■ Problem to solve: When you retype the entries, keep each one exact and leave out the pictures.
····················
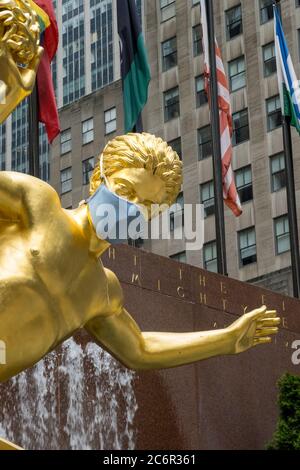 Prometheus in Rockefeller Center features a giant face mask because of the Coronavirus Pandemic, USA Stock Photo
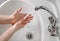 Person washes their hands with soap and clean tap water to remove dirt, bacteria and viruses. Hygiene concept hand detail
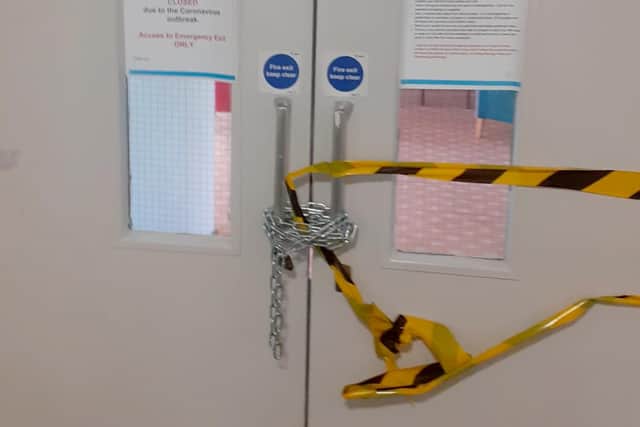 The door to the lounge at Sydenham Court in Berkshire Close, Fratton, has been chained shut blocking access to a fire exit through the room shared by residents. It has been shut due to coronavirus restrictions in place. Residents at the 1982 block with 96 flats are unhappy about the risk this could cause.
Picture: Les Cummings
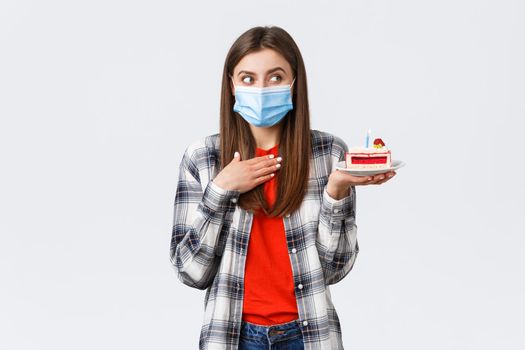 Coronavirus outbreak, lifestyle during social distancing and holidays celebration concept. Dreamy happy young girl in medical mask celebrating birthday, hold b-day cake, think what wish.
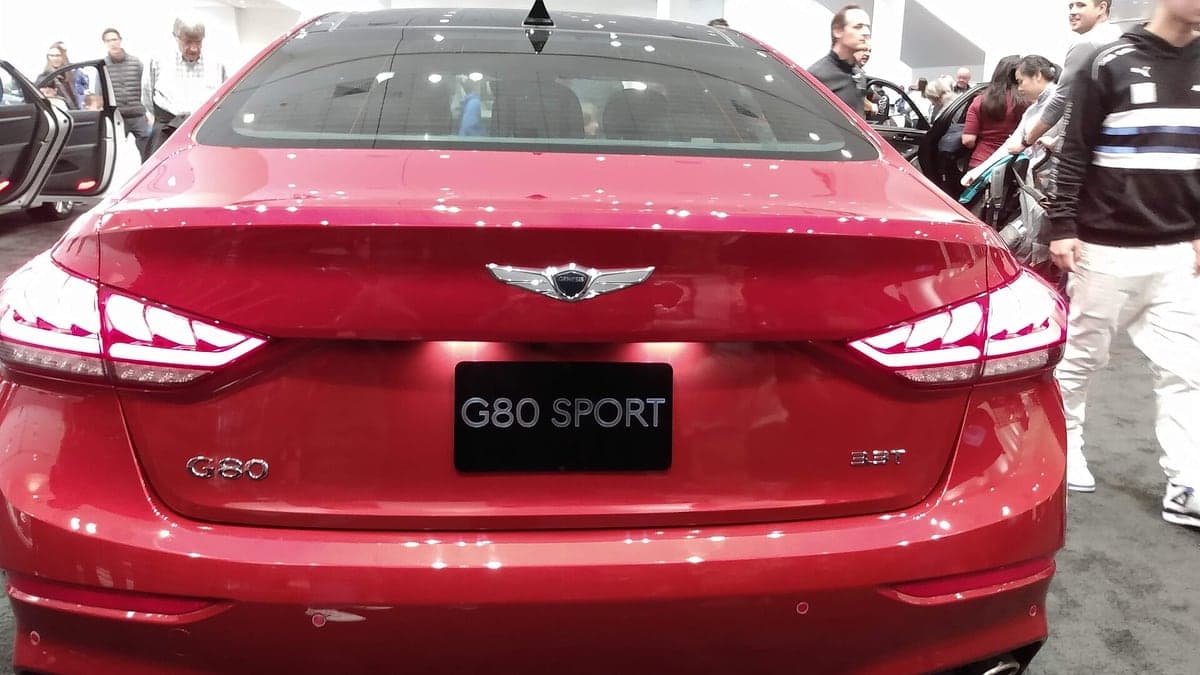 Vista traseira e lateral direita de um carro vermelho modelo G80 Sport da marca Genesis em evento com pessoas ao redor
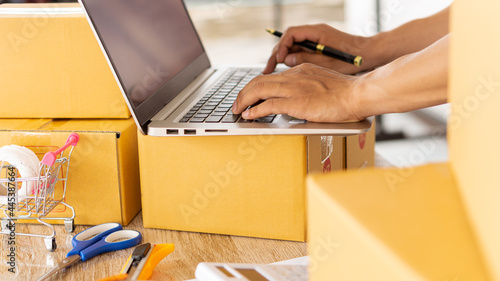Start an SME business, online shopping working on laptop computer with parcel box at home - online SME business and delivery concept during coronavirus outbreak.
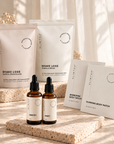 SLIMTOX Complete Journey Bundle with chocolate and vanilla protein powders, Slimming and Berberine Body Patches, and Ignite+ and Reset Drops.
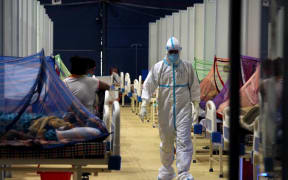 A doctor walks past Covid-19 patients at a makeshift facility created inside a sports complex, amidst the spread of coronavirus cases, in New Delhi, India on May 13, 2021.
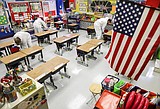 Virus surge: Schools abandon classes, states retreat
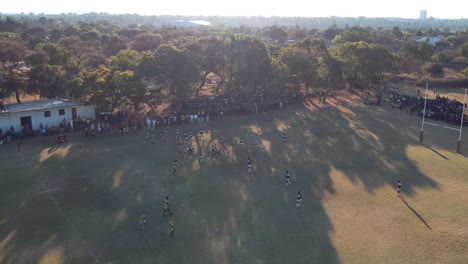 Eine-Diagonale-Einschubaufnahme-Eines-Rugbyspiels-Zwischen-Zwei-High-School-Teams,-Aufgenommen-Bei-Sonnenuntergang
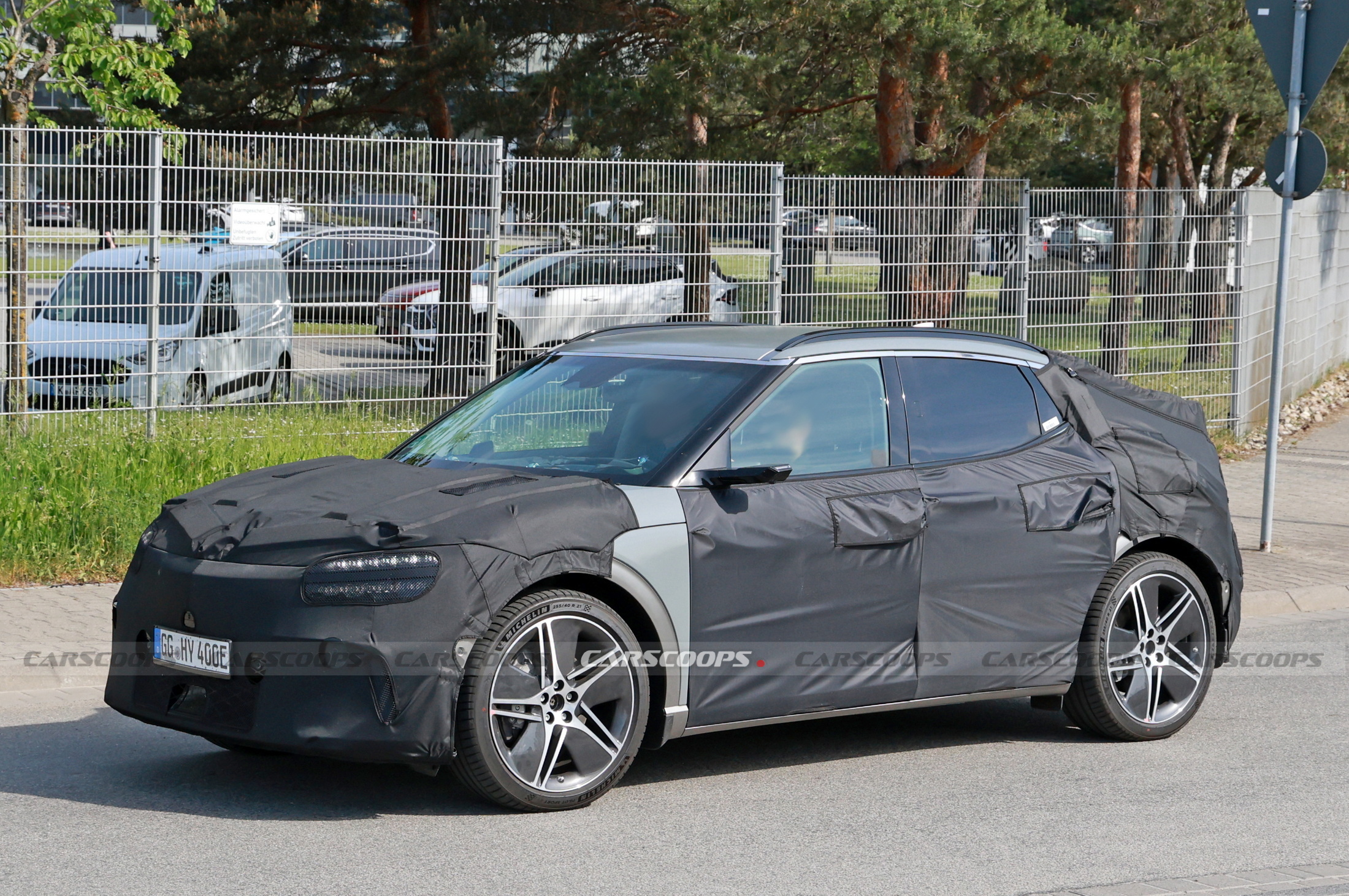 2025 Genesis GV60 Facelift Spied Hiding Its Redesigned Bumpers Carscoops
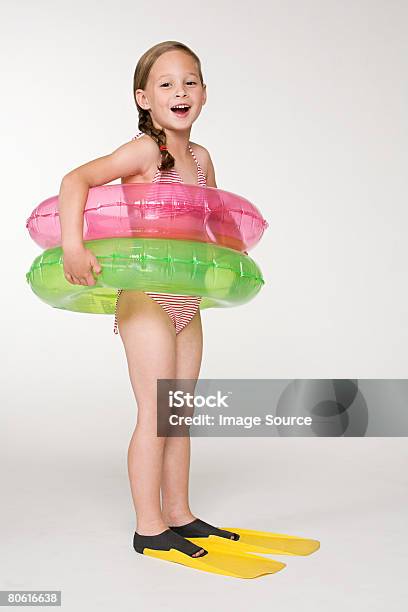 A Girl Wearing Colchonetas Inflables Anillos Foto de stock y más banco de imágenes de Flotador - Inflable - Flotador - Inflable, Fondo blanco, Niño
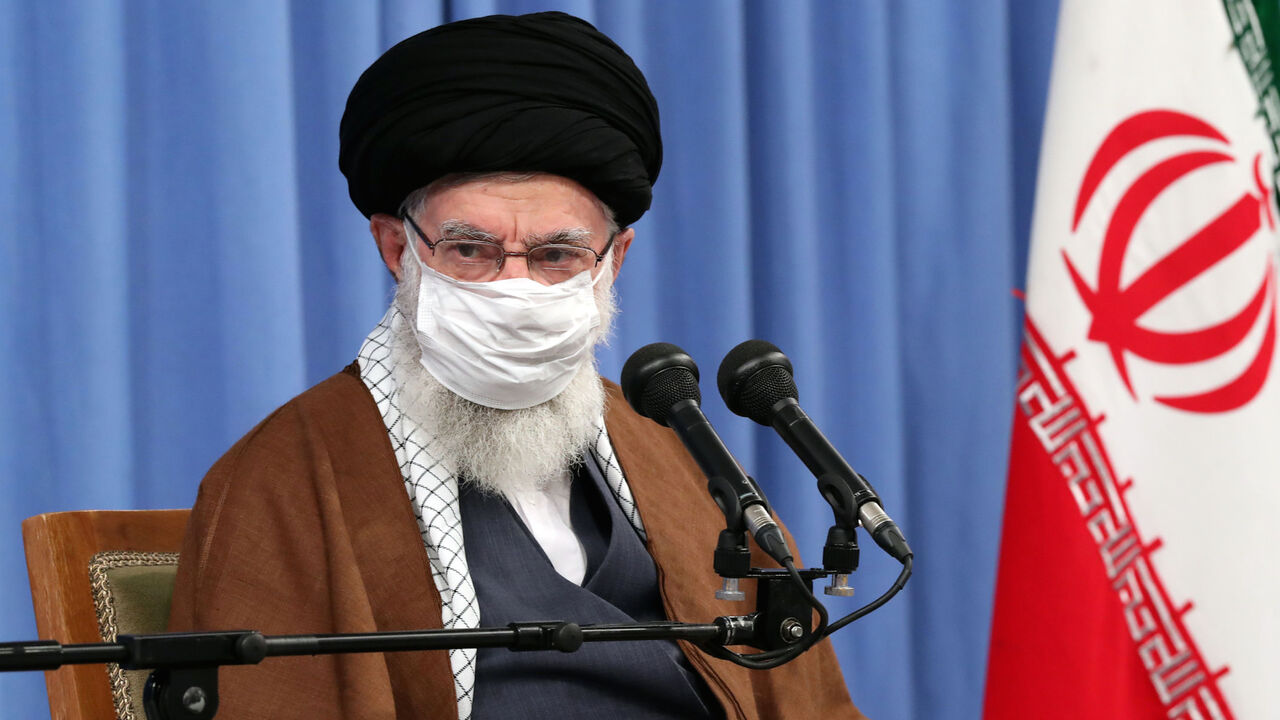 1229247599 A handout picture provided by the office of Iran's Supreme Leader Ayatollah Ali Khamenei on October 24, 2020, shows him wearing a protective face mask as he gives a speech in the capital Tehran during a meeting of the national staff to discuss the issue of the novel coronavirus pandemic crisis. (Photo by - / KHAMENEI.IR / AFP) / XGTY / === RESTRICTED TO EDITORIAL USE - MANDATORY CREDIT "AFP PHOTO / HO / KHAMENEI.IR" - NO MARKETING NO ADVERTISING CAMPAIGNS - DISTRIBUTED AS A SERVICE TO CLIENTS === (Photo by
····················
■ Reply to the task:
 Prometheus in Rockefeller Center features a giant face mask because of the Coronavirus Pandemic, USA Stock Photo
 Person washes their hands with soap and clean tap water to remove dirt, bacteria and viruses. Hygiene concept hand detail
 The door to the lounge at Sydenham Court in Berkshire Close, Fratton, has been chained shut blocking access to a fire exit through the room shared by residents. It has been shut due to coronavirus restrictions in place. Residents at the 1982 block with 96 flats are unhappy about the risk this could cause.
Picture: Les Cummings
 Coronavirus outbreak, lifestyle during social distancing and holidays celebration concept. Dreamy happy young girl in medical mask celebrating birthday, hold b-day cake, think what wish.
 Vista traseira e lateral direita de um carro vermelho modelo G80 Sport da marca Genesis em evento com pessoas ao redor
Start an SME business, online shopping working on laptop computer with parcel box at home - online SME business and delivery concept during coronavirus outbreak.
 SLIMTOX Complete Journey Bundle with chocolate and vanilla protein powders, Slimming and Berberine Body Patches, and Ignite+ and Reset Drops.
 A doctor walks past Covid-19 patients at a makeshift facility created inside a sports complex, amidst the spread of coronavirus cases, in New Delhi, India on May 13, 2021.
 Virus surge: Schools abandon classes, states retreat
 Eine-Diagonale-Einschubaufnahme-Eines-Rugbyspiels-Zwischen-Zwei-High-School-Teams,-Aufgenommen-Bei-Sonnenuntergang
 2025 Genesis GV60 Facelift Spied Hiding Its Redesigned Bumpers Carscoops
 A Girl Wearing Colchonetas Inflables Anillos Foto de stock y más banco de imágenes de Flotador - Inflable - Flotador - Inflable, Fondo blanco, Niño
 1229247599 A handout picture provided by the office of Iran's Supreme Leader Ayatollah Ali Khamenei on October 24, 2020, shows him wearing a protective face mask as he gives a speech in the capital Tehran during a meeting of the national staff to discuss the issue of the novel coronavirus pandemic crisis. (Photo by - / KHAMENEI.IR / AFP) / XGTY / === RESTRICTED TO EDITORIAL USE - MANDATORY CREDIT "AFP PHOTO / HO / KHAMENEI.IR" - NO MARKETING NO ADVERTISING CAMPAIGNS - DISTRIBUTED AS A SERVICE TO CLIENTS === (Photo by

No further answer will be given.